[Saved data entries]
══════════
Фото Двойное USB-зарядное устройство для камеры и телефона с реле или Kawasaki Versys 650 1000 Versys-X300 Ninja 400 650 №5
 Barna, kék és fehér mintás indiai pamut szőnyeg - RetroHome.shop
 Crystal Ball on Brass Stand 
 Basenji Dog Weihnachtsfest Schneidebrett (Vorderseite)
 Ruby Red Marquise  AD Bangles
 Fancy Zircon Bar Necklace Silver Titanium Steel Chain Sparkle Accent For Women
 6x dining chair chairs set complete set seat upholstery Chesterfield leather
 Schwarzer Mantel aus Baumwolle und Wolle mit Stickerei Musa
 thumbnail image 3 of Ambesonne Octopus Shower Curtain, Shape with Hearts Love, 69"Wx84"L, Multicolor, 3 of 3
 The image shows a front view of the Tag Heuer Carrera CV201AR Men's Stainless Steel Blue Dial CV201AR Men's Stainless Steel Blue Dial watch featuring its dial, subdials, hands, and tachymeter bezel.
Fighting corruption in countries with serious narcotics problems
══════════
EXERCISE PROMPT: The entries above hold the needed span. Transcribe exactly the lines from the one with "thumbnail image 3" to the one with "The image shows", both included.

ANSWER TO THE EXERCISE:
 thumbnail image 3 of Ambesonne Octopus Shower Curtain, Shape with Hearts Love, 69"Wx84"L, Multicolor, 3 of 3
 The image shows a front view of the Tag Heuer Carrera CV201AR Men's Stainless Steel Blue Dial CV201AR Men's Stainless Steel Blue Dial watch featuring its dial, subdials, hands, and tachymeter bezel.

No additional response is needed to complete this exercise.